[Short descriptive text snippets]

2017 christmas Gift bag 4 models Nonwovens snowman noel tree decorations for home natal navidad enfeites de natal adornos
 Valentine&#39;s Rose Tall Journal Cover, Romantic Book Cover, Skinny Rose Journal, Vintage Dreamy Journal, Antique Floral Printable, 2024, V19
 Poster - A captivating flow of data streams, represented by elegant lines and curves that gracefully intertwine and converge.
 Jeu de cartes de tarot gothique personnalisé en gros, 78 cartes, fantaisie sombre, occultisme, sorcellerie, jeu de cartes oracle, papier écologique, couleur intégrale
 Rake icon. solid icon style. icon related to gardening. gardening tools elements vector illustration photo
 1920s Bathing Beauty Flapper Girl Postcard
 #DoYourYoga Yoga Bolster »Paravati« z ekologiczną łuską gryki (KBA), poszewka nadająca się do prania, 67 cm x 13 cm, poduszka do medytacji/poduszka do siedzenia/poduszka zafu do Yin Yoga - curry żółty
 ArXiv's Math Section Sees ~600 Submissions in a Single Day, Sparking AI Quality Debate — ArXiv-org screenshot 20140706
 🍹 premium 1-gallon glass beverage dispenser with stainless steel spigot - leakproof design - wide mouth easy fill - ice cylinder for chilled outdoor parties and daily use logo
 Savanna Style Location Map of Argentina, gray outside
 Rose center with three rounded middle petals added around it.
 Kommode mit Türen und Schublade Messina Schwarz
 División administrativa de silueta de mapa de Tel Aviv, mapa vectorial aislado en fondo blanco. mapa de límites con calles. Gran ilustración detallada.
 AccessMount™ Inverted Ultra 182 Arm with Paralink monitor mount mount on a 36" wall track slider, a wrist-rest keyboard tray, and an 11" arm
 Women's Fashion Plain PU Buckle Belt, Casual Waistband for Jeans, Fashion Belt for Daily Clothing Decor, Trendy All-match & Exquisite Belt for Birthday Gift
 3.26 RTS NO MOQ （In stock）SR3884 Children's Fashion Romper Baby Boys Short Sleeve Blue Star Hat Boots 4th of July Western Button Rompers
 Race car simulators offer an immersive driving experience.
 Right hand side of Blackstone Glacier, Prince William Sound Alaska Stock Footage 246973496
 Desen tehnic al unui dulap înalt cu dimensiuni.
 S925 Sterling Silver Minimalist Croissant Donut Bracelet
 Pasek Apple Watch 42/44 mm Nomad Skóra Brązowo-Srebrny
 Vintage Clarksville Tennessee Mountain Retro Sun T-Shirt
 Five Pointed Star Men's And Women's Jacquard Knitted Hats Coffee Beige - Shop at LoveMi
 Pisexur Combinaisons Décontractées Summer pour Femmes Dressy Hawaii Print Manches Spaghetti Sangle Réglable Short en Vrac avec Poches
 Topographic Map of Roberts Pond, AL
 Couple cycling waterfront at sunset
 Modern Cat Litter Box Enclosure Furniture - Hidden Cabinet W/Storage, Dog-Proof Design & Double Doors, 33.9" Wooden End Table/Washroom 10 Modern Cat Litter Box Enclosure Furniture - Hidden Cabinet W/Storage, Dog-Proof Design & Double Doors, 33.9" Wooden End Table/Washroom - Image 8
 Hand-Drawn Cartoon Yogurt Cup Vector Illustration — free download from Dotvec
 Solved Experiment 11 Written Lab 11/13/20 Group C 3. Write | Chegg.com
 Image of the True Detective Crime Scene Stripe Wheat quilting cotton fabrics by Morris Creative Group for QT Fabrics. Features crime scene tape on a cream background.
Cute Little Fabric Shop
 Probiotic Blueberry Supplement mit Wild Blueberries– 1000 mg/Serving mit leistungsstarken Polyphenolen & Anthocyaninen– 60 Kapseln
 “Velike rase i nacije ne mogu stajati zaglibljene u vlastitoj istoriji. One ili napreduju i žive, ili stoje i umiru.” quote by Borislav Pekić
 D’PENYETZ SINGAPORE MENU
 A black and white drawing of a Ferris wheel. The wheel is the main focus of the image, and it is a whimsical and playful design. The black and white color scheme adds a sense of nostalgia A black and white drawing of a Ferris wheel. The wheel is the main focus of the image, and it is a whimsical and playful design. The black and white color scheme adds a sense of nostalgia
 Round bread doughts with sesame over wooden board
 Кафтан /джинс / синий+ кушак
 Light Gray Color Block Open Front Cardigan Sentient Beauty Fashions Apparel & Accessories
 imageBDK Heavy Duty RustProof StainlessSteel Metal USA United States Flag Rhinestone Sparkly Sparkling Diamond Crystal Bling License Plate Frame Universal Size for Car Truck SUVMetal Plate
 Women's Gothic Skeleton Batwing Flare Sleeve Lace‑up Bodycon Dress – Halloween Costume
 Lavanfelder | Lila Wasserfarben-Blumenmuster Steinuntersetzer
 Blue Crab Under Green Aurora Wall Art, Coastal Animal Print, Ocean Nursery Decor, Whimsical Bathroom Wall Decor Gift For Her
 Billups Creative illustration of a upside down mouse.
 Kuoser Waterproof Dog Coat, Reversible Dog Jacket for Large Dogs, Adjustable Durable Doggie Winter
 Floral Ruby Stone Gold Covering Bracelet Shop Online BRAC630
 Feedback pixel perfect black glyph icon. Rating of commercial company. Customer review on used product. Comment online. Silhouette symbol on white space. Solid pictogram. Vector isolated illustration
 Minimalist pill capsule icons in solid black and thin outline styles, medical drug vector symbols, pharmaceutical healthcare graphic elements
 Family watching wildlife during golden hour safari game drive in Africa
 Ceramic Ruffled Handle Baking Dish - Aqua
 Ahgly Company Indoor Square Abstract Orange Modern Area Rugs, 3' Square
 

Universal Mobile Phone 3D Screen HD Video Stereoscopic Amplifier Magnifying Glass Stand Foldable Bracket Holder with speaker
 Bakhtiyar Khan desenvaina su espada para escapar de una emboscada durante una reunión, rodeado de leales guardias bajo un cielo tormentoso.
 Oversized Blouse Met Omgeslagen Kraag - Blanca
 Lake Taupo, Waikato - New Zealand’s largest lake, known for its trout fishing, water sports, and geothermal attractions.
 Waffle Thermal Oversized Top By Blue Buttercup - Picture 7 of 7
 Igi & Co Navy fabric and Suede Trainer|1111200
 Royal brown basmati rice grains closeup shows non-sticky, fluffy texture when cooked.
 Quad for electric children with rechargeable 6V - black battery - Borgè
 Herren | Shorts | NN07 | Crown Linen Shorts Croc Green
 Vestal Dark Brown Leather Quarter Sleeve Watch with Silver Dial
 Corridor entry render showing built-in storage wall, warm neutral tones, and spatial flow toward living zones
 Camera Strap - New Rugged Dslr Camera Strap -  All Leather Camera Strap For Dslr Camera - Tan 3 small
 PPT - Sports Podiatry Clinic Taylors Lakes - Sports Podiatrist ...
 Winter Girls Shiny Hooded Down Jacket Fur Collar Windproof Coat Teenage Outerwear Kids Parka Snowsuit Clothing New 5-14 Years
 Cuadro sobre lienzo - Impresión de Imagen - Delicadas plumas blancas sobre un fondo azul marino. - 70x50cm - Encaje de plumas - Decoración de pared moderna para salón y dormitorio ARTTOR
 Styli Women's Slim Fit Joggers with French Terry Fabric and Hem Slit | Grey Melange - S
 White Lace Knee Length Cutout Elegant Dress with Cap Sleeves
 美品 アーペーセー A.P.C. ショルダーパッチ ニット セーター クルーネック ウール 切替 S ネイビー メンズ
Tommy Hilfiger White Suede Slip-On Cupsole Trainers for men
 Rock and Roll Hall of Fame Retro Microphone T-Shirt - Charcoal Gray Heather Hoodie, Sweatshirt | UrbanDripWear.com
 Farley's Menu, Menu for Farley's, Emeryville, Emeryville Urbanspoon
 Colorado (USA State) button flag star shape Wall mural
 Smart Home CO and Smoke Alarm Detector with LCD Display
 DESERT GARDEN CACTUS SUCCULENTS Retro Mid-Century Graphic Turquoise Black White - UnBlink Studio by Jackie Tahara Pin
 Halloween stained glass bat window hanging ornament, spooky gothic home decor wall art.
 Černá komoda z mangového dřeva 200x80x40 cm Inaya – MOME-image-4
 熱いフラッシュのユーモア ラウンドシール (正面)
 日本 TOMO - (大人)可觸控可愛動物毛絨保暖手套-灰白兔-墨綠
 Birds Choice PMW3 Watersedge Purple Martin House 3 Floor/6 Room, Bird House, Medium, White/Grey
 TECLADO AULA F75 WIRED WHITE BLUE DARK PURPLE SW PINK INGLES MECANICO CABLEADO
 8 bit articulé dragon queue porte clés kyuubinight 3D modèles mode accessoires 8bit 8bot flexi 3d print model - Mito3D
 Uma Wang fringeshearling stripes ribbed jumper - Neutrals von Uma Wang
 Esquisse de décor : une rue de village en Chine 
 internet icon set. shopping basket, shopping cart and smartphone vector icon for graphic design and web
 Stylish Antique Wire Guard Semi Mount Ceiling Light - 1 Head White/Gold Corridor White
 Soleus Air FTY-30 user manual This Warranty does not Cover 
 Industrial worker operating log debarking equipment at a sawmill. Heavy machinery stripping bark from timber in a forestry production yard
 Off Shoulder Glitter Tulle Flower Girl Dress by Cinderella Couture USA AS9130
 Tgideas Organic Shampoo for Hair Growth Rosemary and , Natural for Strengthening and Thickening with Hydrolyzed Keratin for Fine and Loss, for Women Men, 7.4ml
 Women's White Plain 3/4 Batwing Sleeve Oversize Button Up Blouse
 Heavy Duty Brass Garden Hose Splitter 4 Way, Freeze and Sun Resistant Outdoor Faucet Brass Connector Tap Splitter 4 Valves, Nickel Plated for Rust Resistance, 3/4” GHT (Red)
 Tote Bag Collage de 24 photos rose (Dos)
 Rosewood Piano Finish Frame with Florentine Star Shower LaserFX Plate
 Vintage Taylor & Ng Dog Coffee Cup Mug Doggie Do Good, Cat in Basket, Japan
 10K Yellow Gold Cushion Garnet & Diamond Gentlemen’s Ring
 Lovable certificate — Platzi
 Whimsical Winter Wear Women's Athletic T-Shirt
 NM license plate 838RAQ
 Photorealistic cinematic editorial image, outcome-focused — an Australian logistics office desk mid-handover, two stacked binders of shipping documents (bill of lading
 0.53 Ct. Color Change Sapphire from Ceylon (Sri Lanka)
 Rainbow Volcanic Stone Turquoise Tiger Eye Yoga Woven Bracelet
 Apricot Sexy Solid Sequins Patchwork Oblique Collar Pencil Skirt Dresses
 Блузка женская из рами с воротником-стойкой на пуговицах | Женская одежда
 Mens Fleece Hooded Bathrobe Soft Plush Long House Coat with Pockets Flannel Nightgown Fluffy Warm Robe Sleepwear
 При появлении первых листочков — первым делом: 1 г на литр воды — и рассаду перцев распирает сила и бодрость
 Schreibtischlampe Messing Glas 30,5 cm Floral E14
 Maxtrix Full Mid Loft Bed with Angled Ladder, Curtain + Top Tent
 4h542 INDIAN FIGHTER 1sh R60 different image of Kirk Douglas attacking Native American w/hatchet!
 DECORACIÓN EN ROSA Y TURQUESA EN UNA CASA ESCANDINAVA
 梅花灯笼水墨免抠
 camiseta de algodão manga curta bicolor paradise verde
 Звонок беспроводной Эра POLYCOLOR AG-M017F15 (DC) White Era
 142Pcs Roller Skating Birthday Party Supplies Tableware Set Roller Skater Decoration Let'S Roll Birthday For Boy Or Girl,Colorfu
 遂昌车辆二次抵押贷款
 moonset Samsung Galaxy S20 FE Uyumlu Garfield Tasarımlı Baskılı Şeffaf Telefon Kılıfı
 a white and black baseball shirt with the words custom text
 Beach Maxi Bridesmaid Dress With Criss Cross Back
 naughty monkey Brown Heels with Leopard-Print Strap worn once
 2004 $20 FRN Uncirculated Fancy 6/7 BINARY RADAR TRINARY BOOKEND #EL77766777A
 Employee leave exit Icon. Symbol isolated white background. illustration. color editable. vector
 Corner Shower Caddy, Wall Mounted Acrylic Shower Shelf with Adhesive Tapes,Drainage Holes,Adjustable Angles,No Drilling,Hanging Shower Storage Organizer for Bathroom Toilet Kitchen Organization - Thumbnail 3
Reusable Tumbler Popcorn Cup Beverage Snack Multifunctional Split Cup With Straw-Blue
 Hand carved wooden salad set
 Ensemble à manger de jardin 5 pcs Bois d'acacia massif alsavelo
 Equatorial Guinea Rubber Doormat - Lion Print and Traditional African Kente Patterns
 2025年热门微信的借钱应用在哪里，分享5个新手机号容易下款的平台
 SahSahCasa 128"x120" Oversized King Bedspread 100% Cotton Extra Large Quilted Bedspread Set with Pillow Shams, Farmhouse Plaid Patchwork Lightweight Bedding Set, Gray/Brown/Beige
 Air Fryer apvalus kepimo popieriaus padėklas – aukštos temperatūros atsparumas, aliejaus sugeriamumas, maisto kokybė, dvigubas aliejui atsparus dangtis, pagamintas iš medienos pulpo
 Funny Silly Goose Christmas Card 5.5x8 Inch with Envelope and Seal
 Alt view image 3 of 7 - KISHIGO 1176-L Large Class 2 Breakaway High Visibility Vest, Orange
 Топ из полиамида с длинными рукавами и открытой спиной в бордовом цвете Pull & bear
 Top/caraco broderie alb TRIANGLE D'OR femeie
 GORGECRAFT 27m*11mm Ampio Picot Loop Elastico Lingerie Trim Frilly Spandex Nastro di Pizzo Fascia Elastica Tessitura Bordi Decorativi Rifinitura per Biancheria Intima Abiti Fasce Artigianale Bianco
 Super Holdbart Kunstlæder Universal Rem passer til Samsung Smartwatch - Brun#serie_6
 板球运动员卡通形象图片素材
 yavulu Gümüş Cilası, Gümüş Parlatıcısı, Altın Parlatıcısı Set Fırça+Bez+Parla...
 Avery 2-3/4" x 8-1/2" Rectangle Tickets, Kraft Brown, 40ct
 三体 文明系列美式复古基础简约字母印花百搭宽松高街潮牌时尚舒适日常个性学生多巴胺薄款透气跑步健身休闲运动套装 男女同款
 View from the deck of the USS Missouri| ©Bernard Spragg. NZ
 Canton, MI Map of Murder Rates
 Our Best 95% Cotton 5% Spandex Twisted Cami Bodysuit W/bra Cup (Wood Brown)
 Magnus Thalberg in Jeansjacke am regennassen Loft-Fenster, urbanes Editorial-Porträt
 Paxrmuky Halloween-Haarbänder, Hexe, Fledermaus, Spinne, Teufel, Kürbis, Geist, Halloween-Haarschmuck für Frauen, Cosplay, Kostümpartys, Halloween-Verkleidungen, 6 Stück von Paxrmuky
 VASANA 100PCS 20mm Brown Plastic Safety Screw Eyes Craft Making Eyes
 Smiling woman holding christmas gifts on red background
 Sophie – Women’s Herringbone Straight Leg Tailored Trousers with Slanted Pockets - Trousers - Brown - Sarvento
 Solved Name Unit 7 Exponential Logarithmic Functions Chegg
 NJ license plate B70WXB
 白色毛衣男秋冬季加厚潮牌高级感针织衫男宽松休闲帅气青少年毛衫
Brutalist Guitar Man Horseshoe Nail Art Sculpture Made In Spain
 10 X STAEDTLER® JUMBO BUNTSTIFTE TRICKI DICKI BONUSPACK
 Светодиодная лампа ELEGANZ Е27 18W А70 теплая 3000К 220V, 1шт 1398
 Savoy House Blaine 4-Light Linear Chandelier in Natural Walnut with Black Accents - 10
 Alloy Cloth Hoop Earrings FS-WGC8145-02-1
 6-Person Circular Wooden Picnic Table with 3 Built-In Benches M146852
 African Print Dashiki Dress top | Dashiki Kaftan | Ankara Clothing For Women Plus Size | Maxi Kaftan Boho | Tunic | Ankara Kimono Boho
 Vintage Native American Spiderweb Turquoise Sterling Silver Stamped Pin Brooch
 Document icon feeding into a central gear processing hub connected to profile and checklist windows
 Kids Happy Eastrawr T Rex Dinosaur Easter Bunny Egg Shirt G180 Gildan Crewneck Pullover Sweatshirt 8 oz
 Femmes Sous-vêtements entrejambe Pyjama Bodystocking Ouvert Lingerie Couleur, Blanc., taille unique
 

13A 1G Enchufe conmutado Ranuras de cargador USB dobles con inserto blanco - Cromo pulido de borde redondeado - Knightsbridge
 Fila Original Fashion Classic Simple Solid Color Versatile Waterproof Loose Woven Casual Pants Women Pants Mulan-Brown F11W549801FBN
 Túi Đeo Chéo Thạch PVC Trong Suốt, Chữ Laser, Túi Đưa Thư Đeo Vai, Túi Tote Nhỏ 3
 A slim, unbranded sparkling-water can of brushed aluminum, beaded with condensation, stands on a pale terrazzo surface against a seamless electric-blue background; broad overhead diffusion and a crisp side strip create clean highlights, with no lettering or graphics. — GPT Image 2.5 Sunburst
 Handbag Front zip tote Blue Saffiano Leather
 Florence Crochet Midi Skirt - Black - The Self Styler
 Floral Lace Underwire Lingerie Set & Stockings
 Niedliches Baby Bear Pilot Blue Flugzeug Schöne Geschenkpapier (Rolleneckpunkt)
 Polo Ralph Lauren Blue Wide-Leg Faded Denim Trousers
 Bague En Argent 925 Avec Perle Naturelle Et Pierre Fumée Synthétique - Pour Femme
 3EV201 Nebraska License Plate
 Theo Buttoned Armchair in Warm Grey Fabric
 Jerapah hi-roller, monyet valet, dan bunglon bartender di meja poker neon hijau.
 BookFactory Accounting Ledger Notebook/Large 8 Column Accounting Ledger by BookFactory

• _TASK REQUIREMENTS_: Using the entries above, return exactly the lines from the line with "A slim, unbranded" to the line with "Jerapah hi-roller, monyet", counting both of those lines.

• _SOLUTION FOR THIS TASK_:
 A slim, unbranded sparkling-water can of brushed aluminum, beaded with condensation, stands on a pale terrazzo surface against a seamless electric-blue background; broad overhead diffusion and a crisp side strip create clean highlights, with no lettering or graphics. — GPT Image 2.5 Sunburst
 Handbag Front zip tote Blue Saffiano Leather
 Florence Crochet Midi Skirt - Black - The Self Styler
 Floral Lace Underwire Lingerie Set & Stockings
 Niedliches Baby Bear Pilot Blue Flugzeug Schöne Geschenkpapier (Rolleneckpunkt)
 Polo Ralph Lauren Blue Wide-Leg Faded Denim Trousers
 Bague En Argent 925 Avec Perle Naturelle Et Pierre Fumée Synthétique - Pour Femme
 3EV201 Nebraska License Plate
 Theo Buttoned Armchair in Warm Grey Fabric
 Jerapah hi-roller, monyet valet, dan bunglon bartender di meja poker neon hijau.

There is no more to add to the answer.